Ewing Collection on show at the Potter

The collection comprises 56 paintings, prints and drawings by major nineteenth and early twentieth-century artists.
It includes work by Arthur Streeton, Max Meldrum, Nicholas Chevalier, Rupert Bunny, Hans Heyson, JJ Hilder and Harold Herbert.
Director of the Ian Potter Museum Chris McAuliffe explained Dr Ewing favoured art which reflected a colonist’s aspirations towards prosperity, security and self-improvement.
"When he began collecting art in 1908, the painting, poetry and literature of a new nation sought to establish a distinctive identity and secure future," he said.
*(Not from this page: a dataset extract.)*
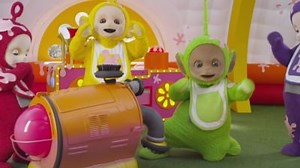 Watch Teletubbies Season 2 Episode 6 - Custard Chaos/ Tallest Shortest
"The Ewing Collection is more than a fine collection of pictures, or a fine act of philanthropy; it is a living register of the civic and national ideals of Edwardian Melbourne."
Dr McAuliffe said the themes of nationhood and identity remained central to Australian visual culture today, and this exhibition provided an opportunity to consider the changing values in the interpretation of Australian art.
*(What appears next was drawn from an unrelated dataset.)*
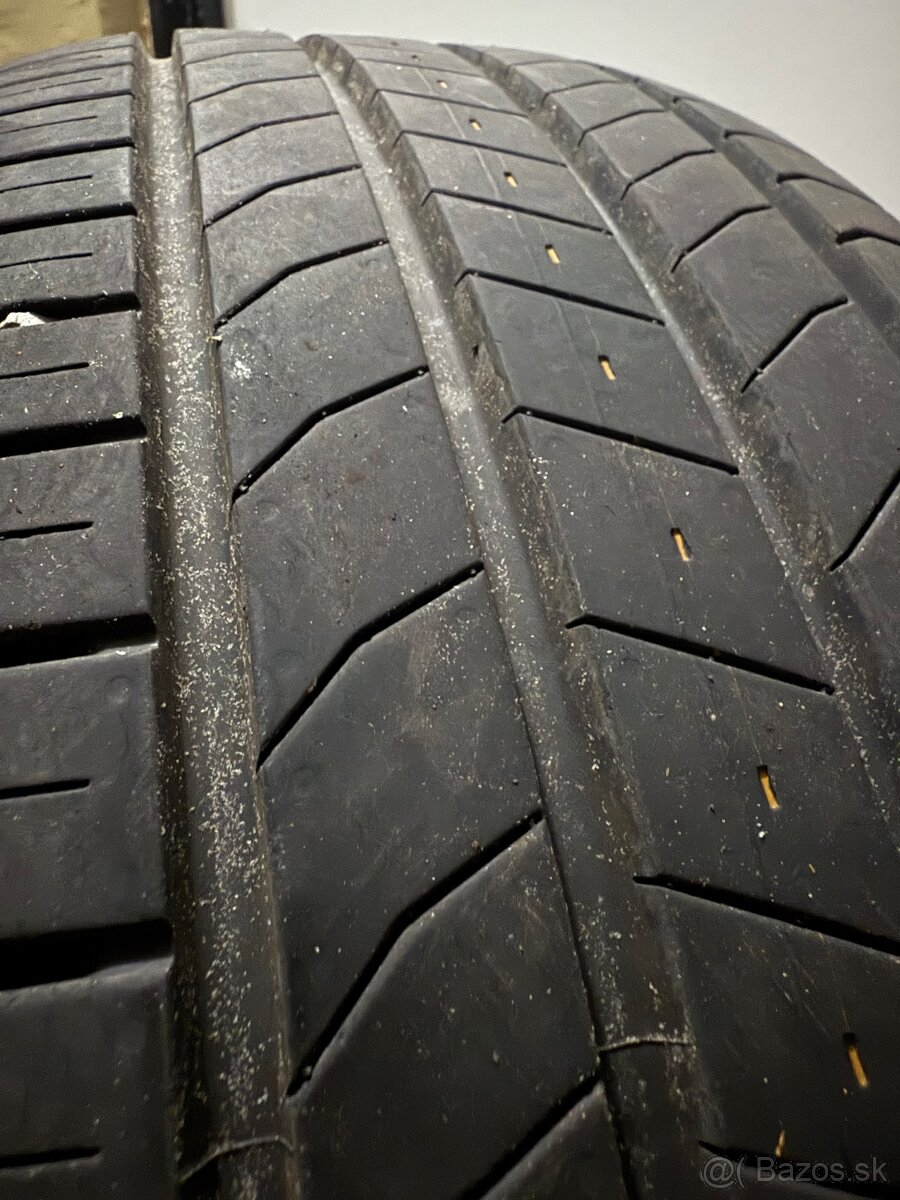 NEXEN 215/60 R17 letné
"Beauty, nationalism and pedagogy were combined in Dr Ewing’s words on the plaque which accompanied the original display of the collection at the Melbourne University Union Gallery in 1938," he explained.
"It said he chose to donate his collection to the University 'that our youth may be inspired with the beauty as well as a deeper love of their country by the works of our artists'."